Brilliant. So the answer is Fox News. So much for truth in journalism. What people on the right really want is something which tells them everything they believe is right. Whether it’s actually true doesn’t really matter.

Now, there’s been much talk recently of the need for more civic journalism in Britain, the very thing the BBC prides itself on. But let’s pose this question: what if a civic BBC finds itself dealing with an administration that does not behave in a civic way? An administration that manipulates news organisations and the news agenda, that packs ministry press offices with its supporters, that chooses good days to bury bad news, that favours news bodies that give it positive coverage and penalises those who don’t, that fabricates health and education figures, and concocts dodgy dossiers - an administration that, in Campbell and Mandelson, thought nothing of engaging in systematic falsehood.

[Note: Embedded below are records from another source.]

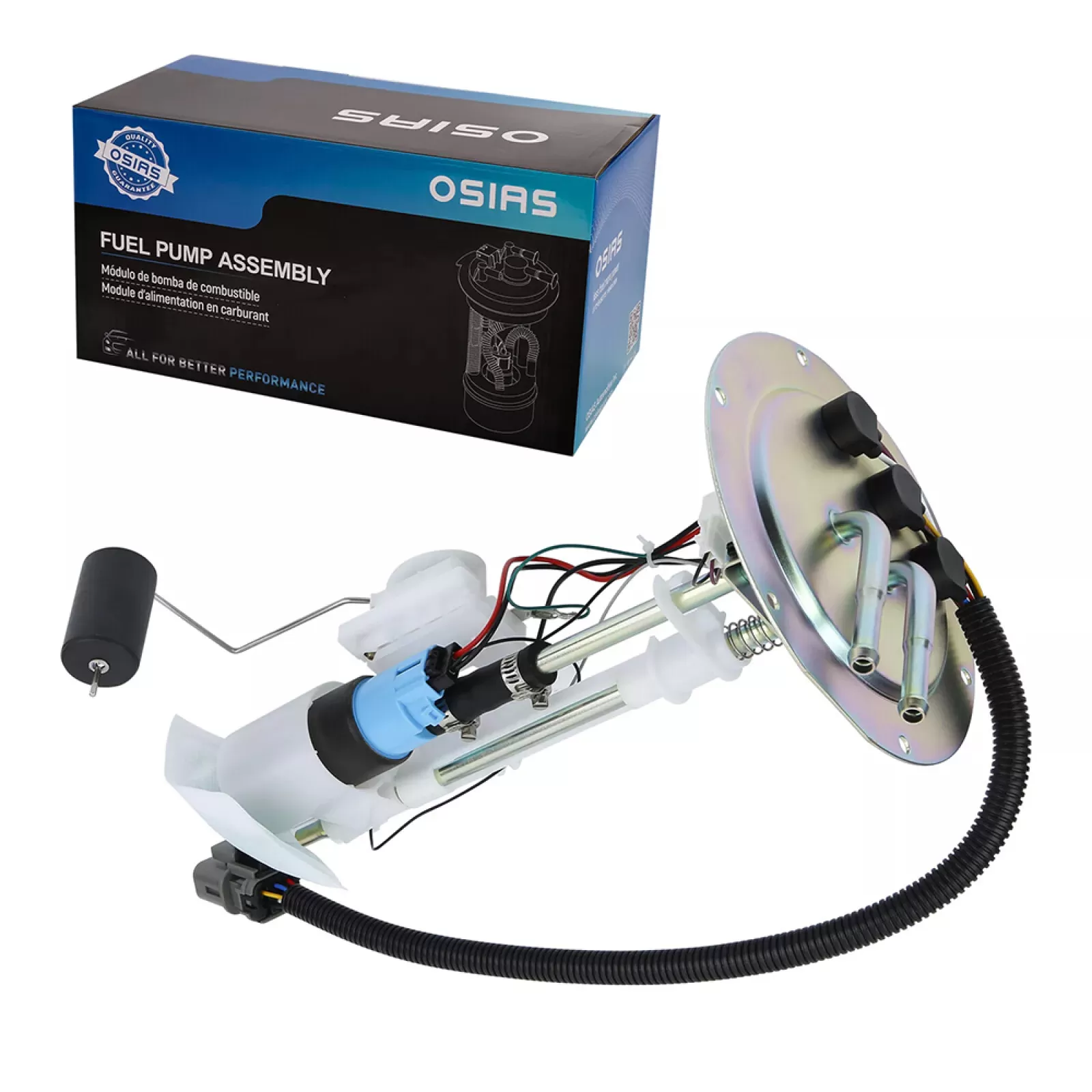 OSIAS Fuel Pump Assembly 055GE For Nissan D21 Pickup Tsuru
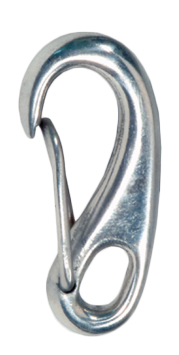 Stainless Steel Snap Hook, 50mm - 072650 1 - 9072650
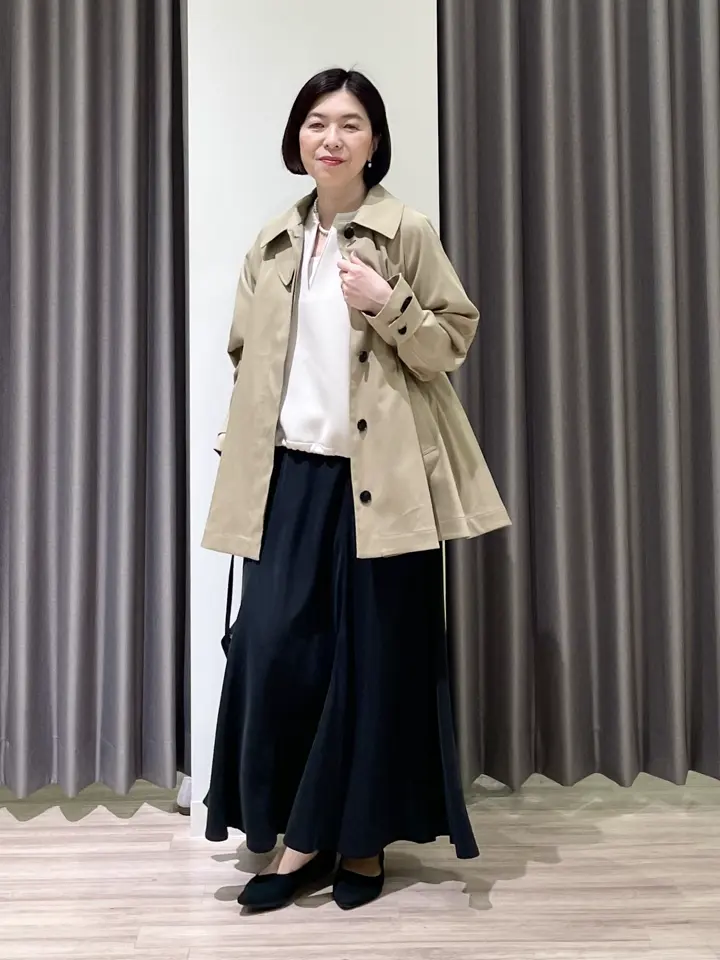 ONWARD CROSSET SELECT 五月女 コーディネート画像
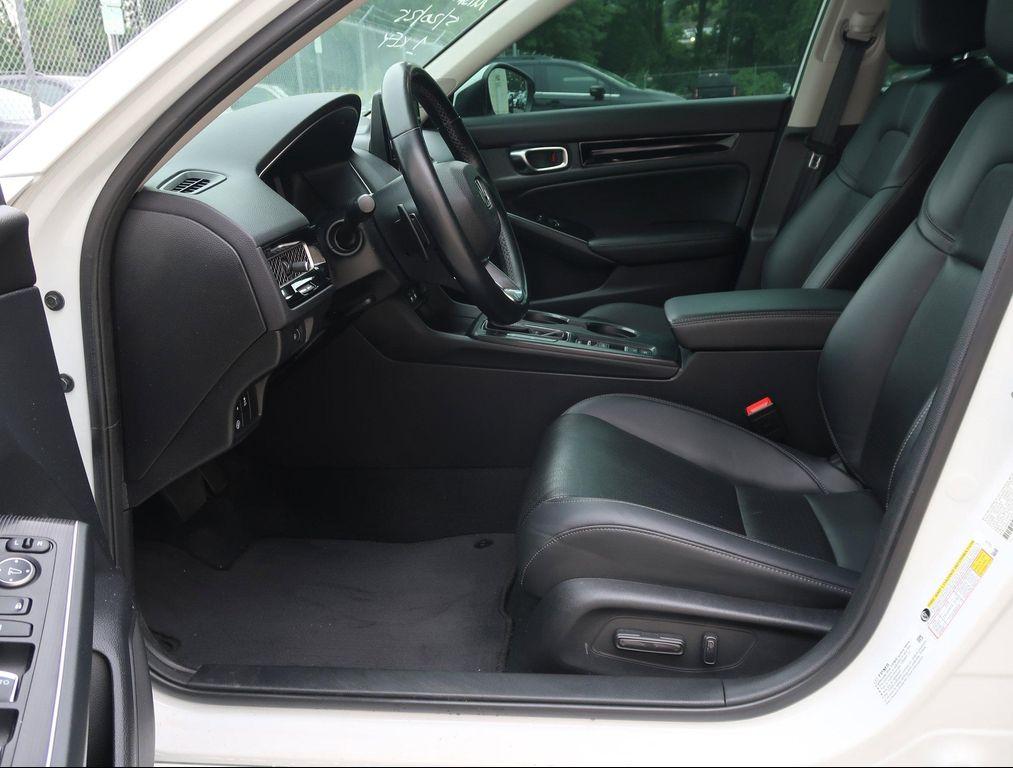 used 2022 Honda Civic car, priced at $27,794
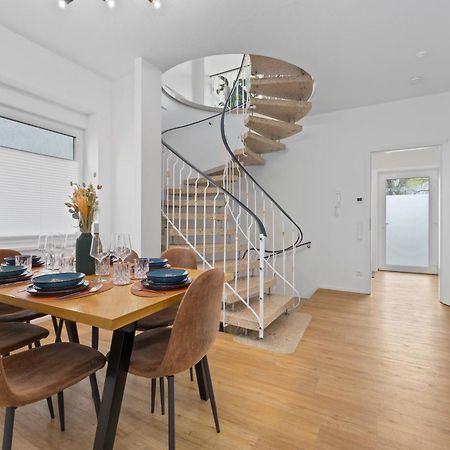 Charmante Design-Apartments In Top Lage - Naehe Altstadt - Parkplaetze - Netflix Bad Kreuznach Ngoại thất bức ảnh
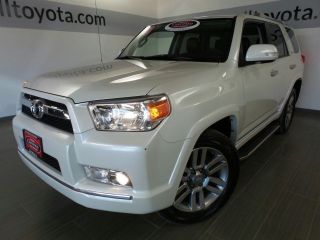 Used 2013 Toyota 4Runner Limited Edition in Wichita Falls, Texas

Right. Systematic falsehood. Mr Dacre, has your newspaper ever printed anything which you knew, at the time of printing, to be substantially untrue? And can you prove that the BBC has ever done the same?

Is the BBC’s civic journalism - too often credulously trusting, lacking scepticism, rarely proactive in the sense of breaking stories itself - up to dealing with a political class that too often set out to dissemble and to deceive? The bitter irony, of course, is that when, for once, the BBC was proactive in its journalism and did stand up to the Labour party by breaking a genuine story, the corporation and its craven governors all but imploded under pressure from a rabid Campbell.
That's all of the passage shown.